Obecnie w Polsce mamy jeden wielki chaos
Słów krytyki pod adresem rządzących nie szczędzi także opozycja. Na dzisiejszej konferencji prasowej zorganizowanej przez polityków PO z Podkarpacia, punktowali oni błędy PiS-u.- Miarą odpowiedzialnego rządu przy zamykaniu poszczególnych branż jest odpowiednia komunikacja, a także realna pomoc dla przedsiębiorców. U nas tak się nie dzieje - mowiła Posłanka PO Joanna Frydrych.
Według posłanki szczytem głupoty jest zasada, na jakiej przedsiębiorcy dostają pomoc, albo raczej jej nie dostają. - Rząd przyznaje tę pomoc w zależności od wiodącego PKD. Na takiej zasadzie wielu przedsiębiorców dostanie pomoc dopiero na przełomie stycznia i lutego, podczas gdy ich biznesy są zamknięte już właściwie od stycznia - dodawała Frydrych.

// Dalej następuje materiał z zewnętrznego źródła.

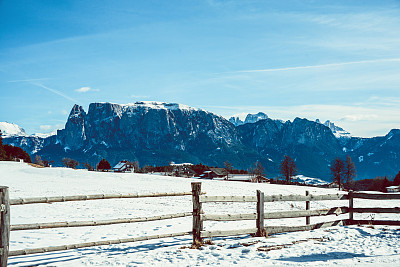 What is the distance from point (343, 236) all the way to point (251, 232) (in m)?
3.46

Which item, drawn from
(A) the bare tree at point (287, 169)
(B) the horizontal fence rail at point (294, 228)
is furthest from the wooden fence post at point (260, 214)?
(A) the bare tree at point (287, 169)

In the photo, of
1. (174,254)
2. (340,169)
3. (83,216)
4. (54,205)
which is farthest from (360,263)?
(340,169)

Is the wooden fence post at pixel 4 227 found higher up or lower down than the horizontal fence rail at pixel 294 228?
higher up

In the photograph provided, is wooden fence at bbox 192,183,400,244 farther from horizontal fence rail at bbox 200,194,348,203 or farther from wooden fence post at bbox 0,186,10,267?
wooden fence post at bbox 0,186,10,267

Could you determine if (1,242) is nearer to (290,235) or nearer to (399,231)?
(290,235)

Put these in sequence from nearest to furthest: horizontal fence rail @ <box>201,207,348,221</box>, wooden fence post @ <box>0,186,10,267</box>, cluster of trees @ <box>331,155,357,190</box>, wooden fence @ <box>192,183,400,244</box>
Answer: wooden fence post @ <box>0,186,10,267</box>, wooden fence @ <box>192,183,400,244</box>, horizontal fence rail @ <box>201,207,348,221</box>, cluster of trees @ <box>331,155,357,190</box>

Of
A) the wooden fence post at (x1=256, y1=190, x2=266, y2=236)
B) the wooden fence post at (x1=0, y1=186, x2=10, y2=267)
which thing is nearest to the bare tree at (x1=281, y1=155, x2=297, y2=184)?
the wooden fence post at (x1=256, y1=190, x2=266, y2=236)

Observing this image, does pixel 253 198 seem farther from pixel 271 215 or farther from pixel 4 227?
pixel 4 227

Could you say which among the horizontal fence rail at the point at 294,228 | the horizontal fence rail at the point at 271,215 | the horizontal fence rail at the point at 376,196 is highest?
the horizontal fence rail at the point at 376,196

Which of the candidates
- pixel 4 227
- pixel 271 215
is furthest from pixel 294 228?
pixel 4 227

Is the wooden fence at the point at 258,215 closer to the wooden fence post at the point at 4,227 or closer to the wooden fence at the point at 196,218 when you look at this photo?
the wooden fence at the point at 196,218

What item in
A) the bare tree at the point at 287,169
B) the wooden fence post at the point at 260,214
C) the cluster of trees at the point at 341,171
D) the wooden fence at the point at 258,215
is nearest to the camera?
the wooden fence at the point at 258,215

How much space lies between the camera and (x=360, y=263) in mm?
9609

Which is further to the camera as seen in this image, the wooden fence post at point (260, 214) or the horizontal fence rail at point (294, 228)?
the horizontal fence rail at point (294, 228) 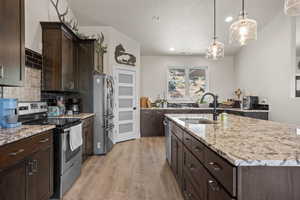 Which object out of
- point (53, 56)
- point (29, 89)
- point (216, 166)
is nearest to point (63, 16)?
point (53, 56)

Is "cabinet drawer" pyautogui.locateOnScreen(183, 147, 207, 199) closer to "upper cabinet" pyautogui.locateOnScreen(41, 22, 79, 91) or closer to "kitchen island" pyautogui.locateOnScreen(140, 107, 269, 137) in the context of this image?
"upper cabinet" pyautogui.locateOnScreen(41, 22, 79, 91)

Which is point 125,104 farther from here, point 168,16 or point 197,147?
point 197,147

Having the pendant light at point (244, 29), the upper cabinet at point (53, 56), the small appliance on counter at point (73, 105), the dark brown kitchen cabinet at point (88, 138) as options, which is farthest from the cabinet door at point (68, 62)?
the pendant light at point (244, 29)

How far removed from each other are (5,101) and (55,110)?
156cm

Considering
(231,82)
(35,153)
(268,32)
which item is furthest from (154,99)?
(35,153)

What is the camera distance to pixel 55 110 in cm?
344

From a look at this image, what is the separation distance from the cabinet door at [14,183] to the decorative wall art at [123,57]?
404cm

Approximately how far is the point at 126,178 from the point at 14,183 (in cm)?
169

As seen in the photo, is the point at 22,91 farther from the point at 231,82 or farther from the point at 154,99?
the point at 231,82

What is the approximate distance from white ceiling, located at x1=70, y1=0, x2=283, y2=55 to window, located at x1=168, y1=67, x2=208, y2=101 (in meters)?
1.33

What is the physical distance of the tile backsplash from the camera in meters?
2.42

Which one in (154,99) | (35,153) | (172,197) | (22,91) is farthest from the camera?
(154,99)

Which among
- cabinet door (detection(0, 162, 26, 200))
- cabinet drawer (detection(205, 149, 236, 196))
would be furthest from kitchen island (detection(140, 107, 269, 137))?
cabinet drawer (detection(205, 149, 236, 196))

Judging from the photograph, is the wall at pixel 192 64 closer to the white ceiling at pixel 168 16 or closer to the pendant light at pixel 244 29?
the white ceiling at pixel 168 16
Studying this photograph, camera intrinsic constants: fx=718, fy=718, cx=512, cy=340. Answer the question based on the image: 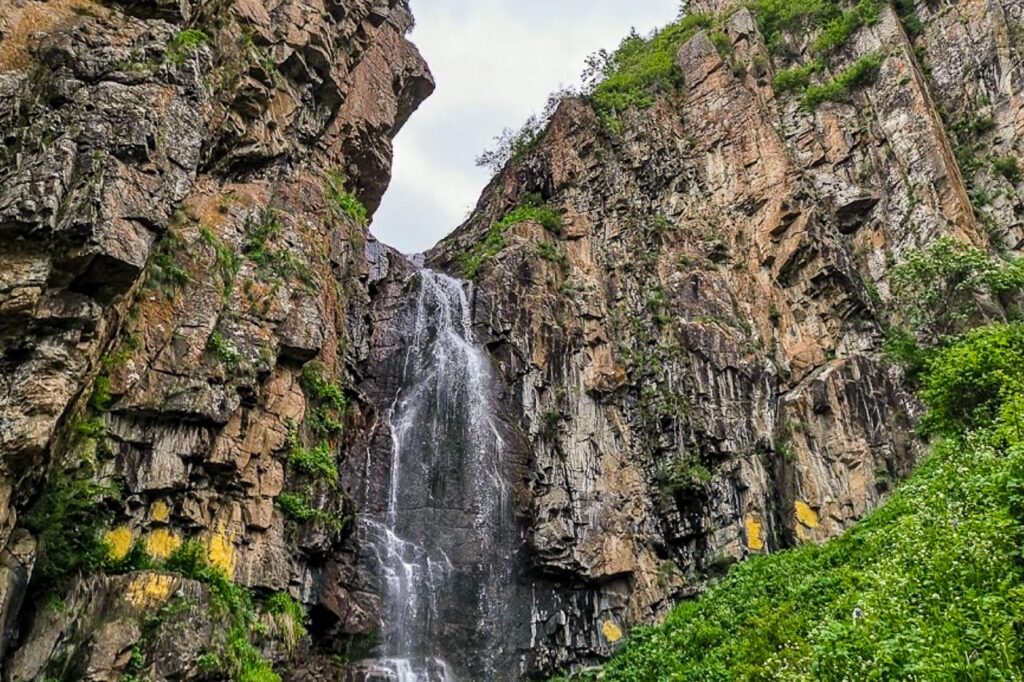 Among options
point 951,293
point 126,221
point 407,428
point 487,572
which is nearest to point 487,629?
point 487,572

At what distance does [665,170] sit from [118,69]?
2182 centimetres

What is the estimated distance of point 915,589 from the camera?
741 cm

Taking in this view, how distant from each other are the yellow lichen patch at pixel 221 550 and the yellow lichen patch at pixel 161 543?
663 mm

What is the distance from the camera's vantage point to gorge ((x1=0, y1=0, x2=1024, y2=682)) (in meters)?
12.4

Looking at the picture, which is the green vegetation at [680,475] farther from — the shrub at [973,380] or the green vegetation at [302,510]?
the green vegetation at [302,510]

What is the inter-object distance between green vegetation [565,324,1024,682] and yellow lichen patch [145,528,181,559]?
33.8 ft

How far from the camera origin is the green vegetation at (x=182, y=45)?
612 inches

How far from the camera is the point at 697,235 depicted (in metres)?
28.4

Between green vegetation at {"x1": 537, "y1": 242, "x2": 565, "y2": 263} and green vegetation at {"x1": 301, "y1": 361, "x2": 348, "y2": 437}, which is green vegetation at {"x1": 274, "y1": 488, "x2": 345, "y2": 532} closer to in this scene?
green vegetation at {"x1": 301, "y1": 361, "x2": 348, "y2": 437}

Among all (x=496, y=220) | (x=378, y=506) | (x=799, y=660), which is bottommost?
(x=799, y=660)

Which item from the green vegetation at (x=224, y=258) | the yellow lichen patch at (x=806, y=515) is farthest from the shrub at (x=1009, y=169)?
the green vegetation at (x=224, y=258)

Słów krytyki nie szczędziła także euro posłanka PO, Elżbieta Łukacijewska. - W ubiegłym tylko na terenie województwa podkarpackiego około 580 osób zgłosiło upadłość konsumencką, a 58 firm zlikwidowało swoją działalność. W naszym regionie lockdown zagraża szczególnie firmom z branży lotniczej, motoryzacyjnej, turystycznej i gastronomicznej - mówiła Łukacijewska.
Pomoc państwa jest żadna
Na dzisiejszej konferencji prasowej obecna była także Edyta Sabat, podkarpacki koordynator Polskich przedsiębiorców.- Decyzje rządu PiS podejmowane są z dnia na dzień, bardzo często z chaosem oraz bez żadnego uzasadnienia. A pomoc płynąca do naszych firm jest żadna, lub w najlepszym momencie znikoma. Jak to jest, że polski rząd nie potrafi uchronić przed upadkiem rodzimych przedsiębiorców ? - dopytywała Edyta Sabat.
O zasady dotyczące zamykania poszczególnych branże dopytywała także Elżbieta Łukacijewska. - Dlaczego jest tak, że sklepy wielkopowierzchniowe oraz kościoły mogą być otwarte, a np. hotele czy też baseny już nie. Jest tu jakaś logika działania ? - dopytywała się Łukacijewska.